Peak loads and request patterns on Web sites are seldom predictable. It is difficult to foresee when requests for new content will generate more traffic than a site's Web servers have capacity to handle. Such traffic spikes or surges, as they are known, are even more troublesome when the requested content must be dynamically generated or when the content is changing frequently. Because Oracle9iAS Web Cache can sustain orders of magnitude greater throughput than the average Web server, it provides a layer of defense against such surges.

Surge protection and performance assurance are closely linked. To prevent an overload of requests on the origin Web server(s), Oracle9iAS Web Cache enables administrators to set a limit on the number of concurrent connections that the origin Web server(s) can handle. When the capacity limit is reached, subsequent requests are queued to wait up to a maximum amount of time. If the maximum wait time is exceeded, Oracle9iAS Web Cache rejects the request and serves an "apology" page to the Web browser that initiated the request.


Web Server Load Balancing, Failover and Binding
Most Web sites are powered by a farm of application Web servers running on clustered machines. Distributing the load across multiple servers provides better scalability and reliability and allows administrators to take machines offline for maintenance without impacting availability. The traffic management function is typically provided by a network load balancing device deployed at the front-end of the Web server farm.
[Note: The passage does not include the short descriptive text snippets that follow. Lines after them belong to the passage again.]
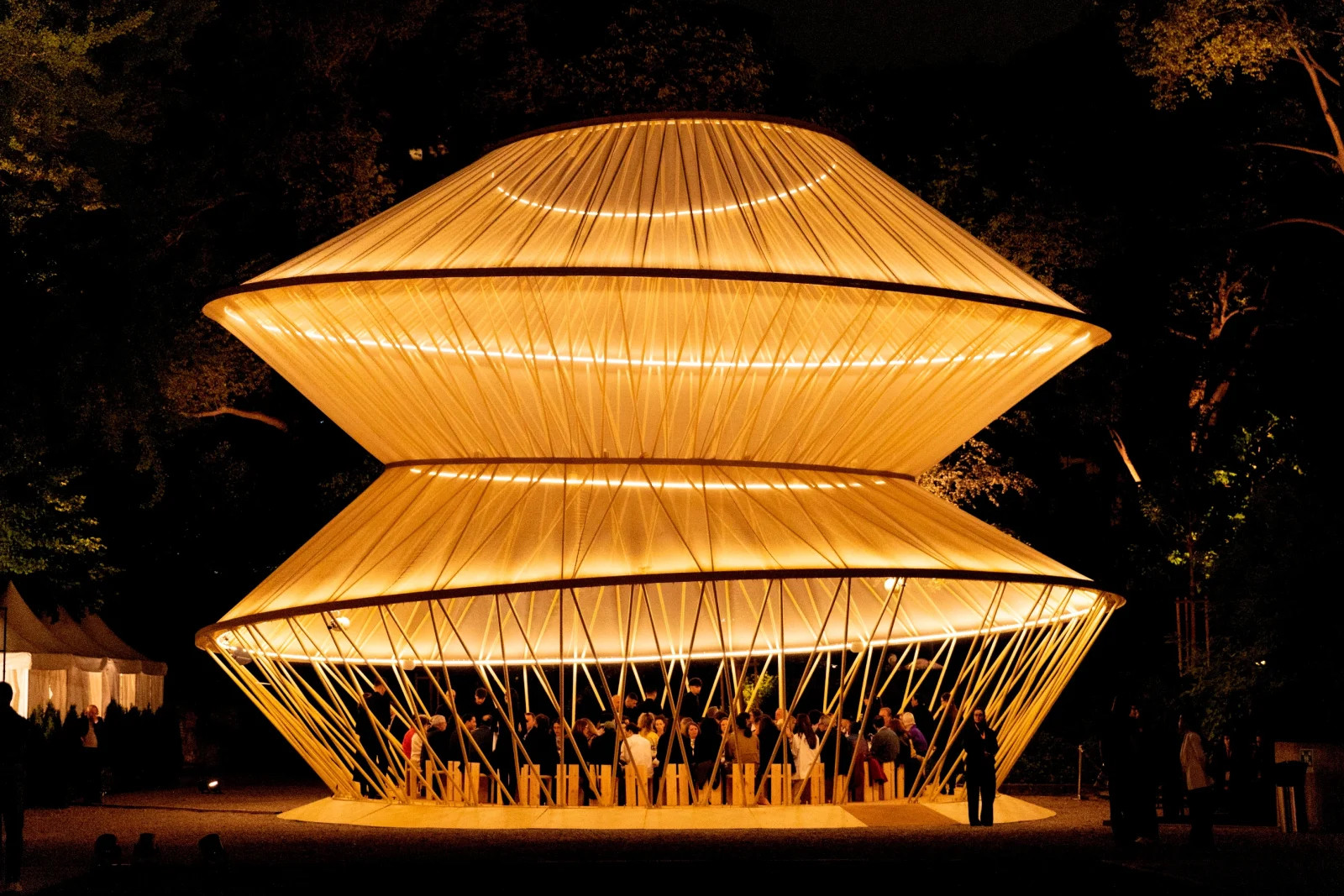 นิทรรศการ When Apricots Blossom ในงาน Milan Design Week 2026 (ภาพ: WHY Architecture)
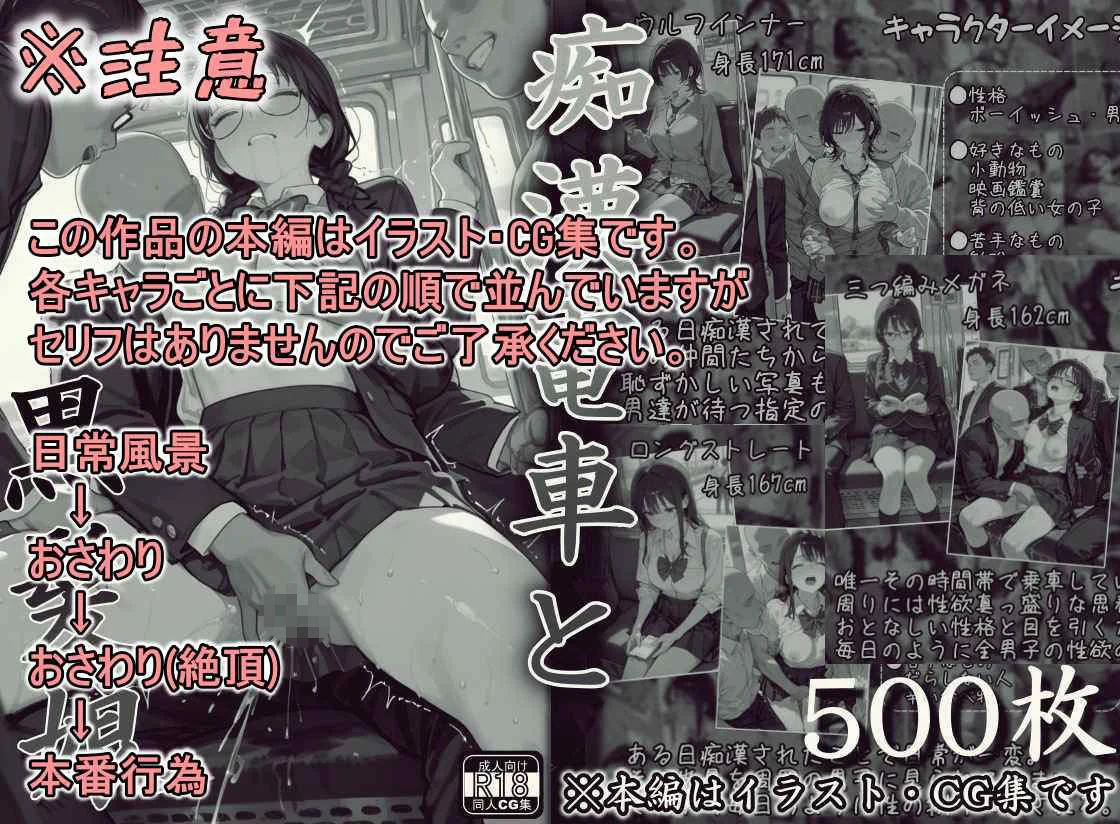 痴●電車と黒髪娘 画像1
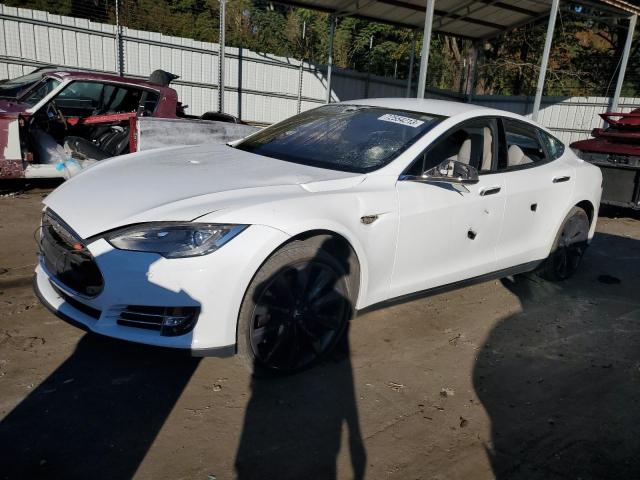 5YJSA1CP6DFP26943 - 2013 TESLA MODEL S WHITE photo 1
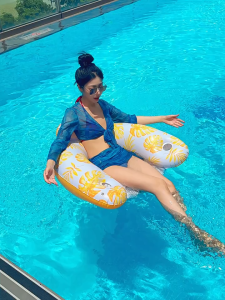 เก้าอี้ที่นั่งลอยน้ำ แพเป่าลมทรงU ว่ายน้ำ ลอยน้ำ แบบนั่ง เปลลอยน้ำ สําหรับผู้ใหญ่ การทำให้ข้นขึ้น ทนทาน
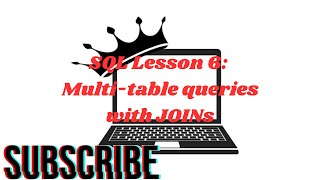 SQL Lesson 6: Multi table queries with JOINs
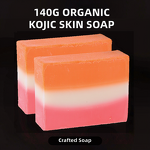 Bath Bar Soap Manufacturer - 140g Natural Organic Kojic Acid Handmade Solid for Skin Lightening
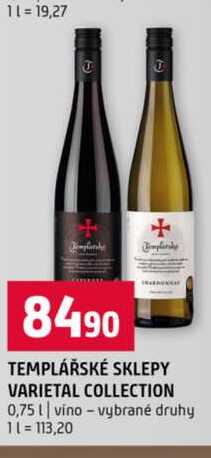 Templářské sklepy varietal collection 0,75 l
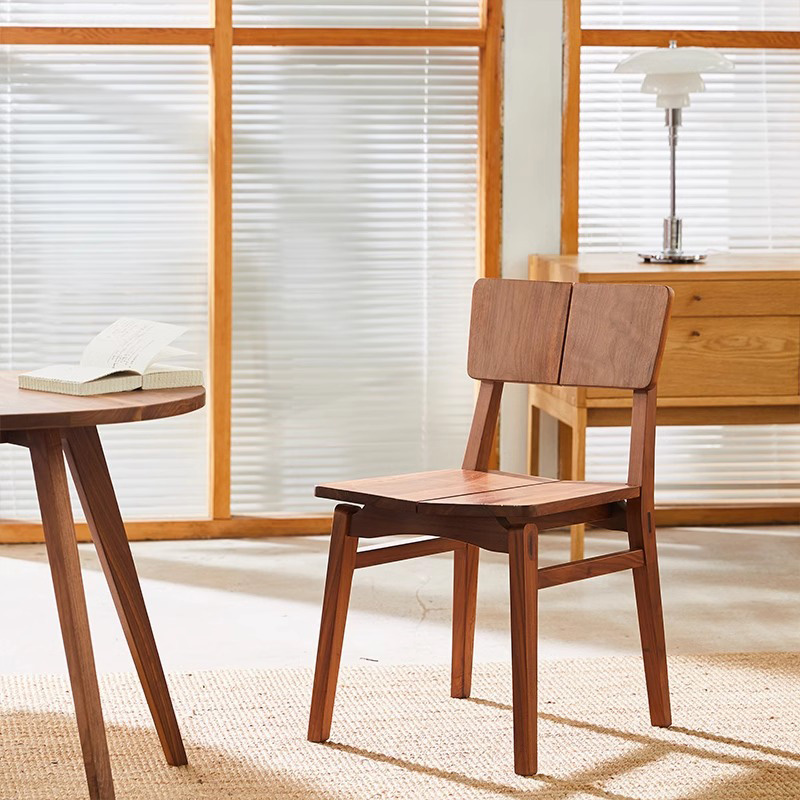 木製ローバックチェア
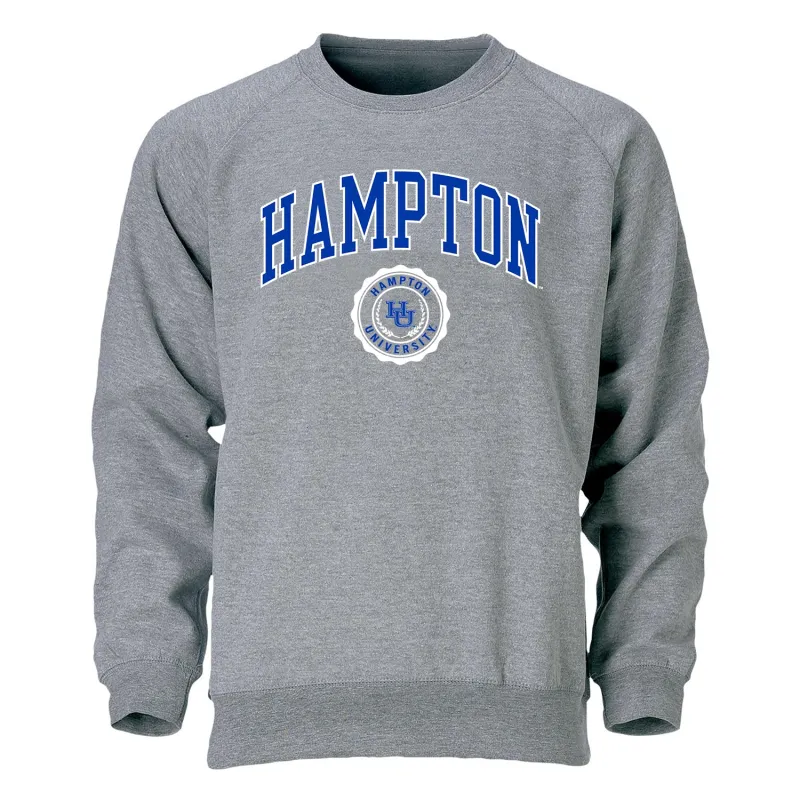 Hampton University Heritage Sweatshirt (Charcoal Grey) sold by Barnesmith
Oracle9iAS Web Cache uniquely combines caching and load balancing in a single offering. Deployed before a Web server farm, Oracle9iAS Web Cache intercepts all HTTP requests sent to the Web site and responds with a cached page if there is a valid version in the cache. As depicted in Figure 12, all cache misses - whether cacheable or non-cacheable - are passed to the origin Web servers on the back-end. Oracle9iAS Web Cache distributes these requests according to the relative capacity of each Web server. Web server capacity is configured by theOracle9iAS Web Cache administrator

Figure 12: Web Server Load Balancing

Just as network load balancers do, Oracle9iAS Web Cache can determine when a Web server has failed and then automatically redistribute the load over the remaining servers. The failover feature is illustrated in Figure 13. Continuing with the load balancing example from Figure 12, an outage of www3.company.com results in 50 percent of the traffic going to www1.company.com and 50% going to www2.company.com. Oracle9iAS Web Cache periodically checks to see if the failed Web server has returned to a functional state. As soon as the failed server returns to operation, Oracle9iAS Web Cache will once again include it in the distribution mix.
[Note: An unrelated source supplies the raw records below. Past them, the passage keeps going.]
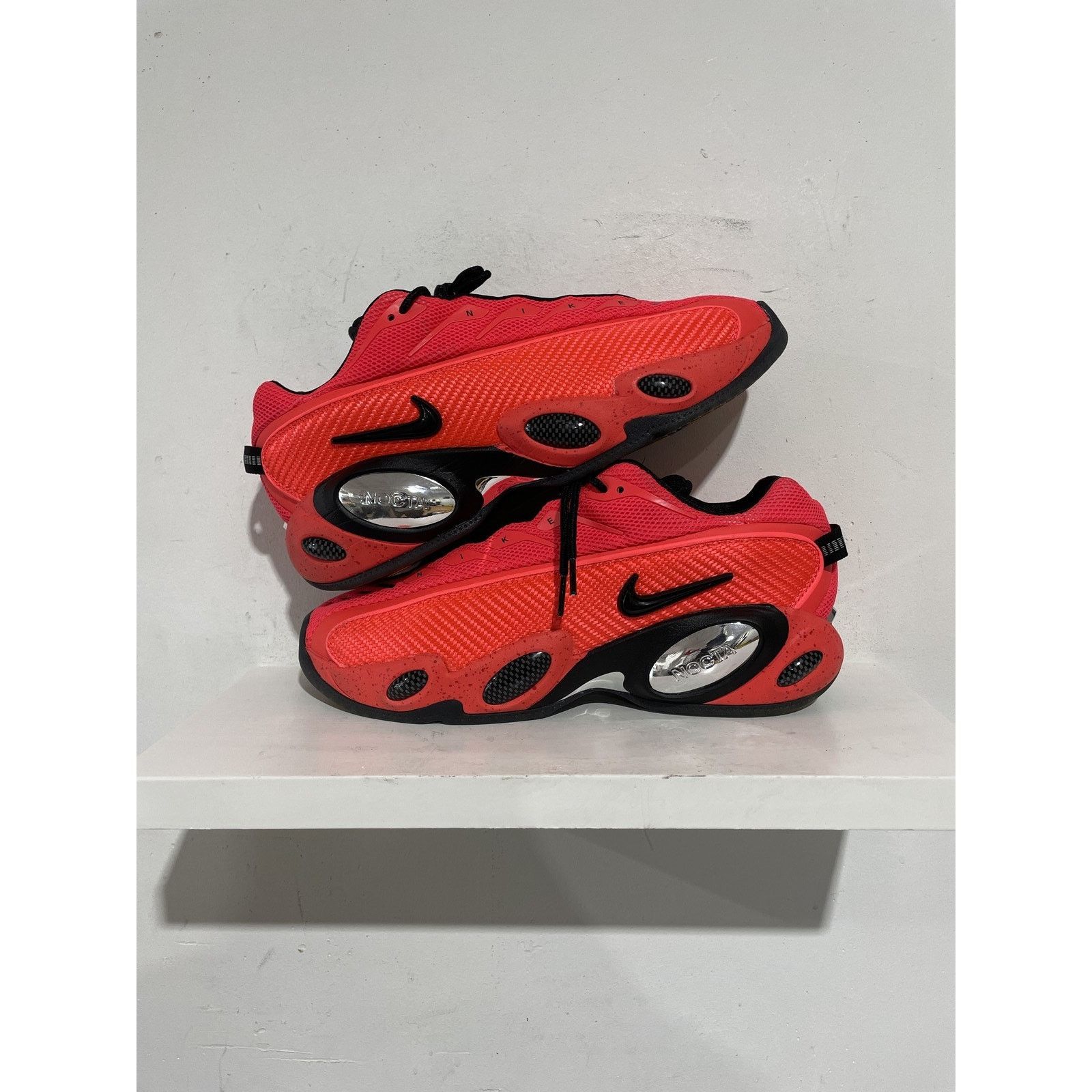 Nike NIKE NOCTA GLIDE DRAKE BRIGHT CRIMSON SIZE 11 PREOWNED Size US 11 / EU 44 - 1 Thumbnail
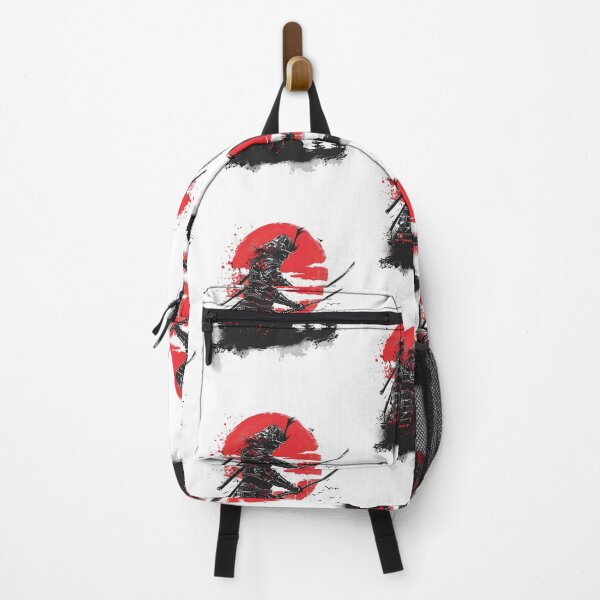 Item preview, Elegant Samurai Warrior Art – Sunrise Shogun Illustration designed and sold by Abili-Tees.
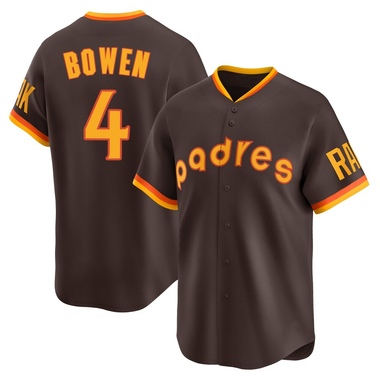 Brown Jase Bowen Men's San Diego Padres Cooperstown Collection Jersey - Limited Big Tall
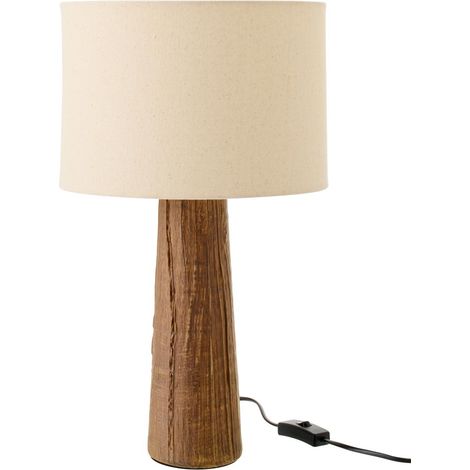 Lampe à Poser en Céramique "Melina" 43cm Marron (1/5)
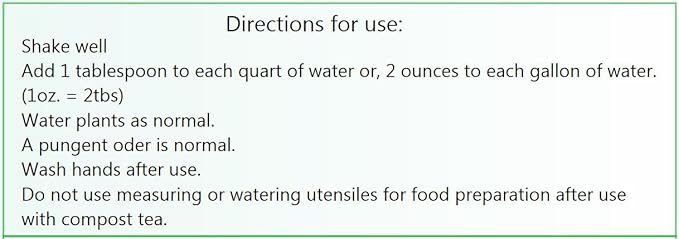 Super Compost Tea_P (16oz - 1 Pint) Natural and Organic for Plant Food Fertilizer and Growth Efficiency.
Figure 13: Web Server Failure Detection.


Today's traffic management solutions must offer more than just load balancing and failover; they must also provide persistent connections to Web servers that maintain session state. Many Web-based applications store session state in the database, however there are cases when session state may be stored in the middle tier. In such cases, it becomes important to maintain affinity, or persistence, between a given Web browser and a particular Web server in the farm. Because HTTP is a stateless protocol, the Web server must include session data in the HTTP header or body it sends to the Web browser in such a way that the browser is forced to include the data with its next request. In practice, this data is transferred either with parameters embedded in URLs or with cookies. The load balancing device intercepts these requests, identifies the session parameters or cookies, and binds the request to the appropriate Web server.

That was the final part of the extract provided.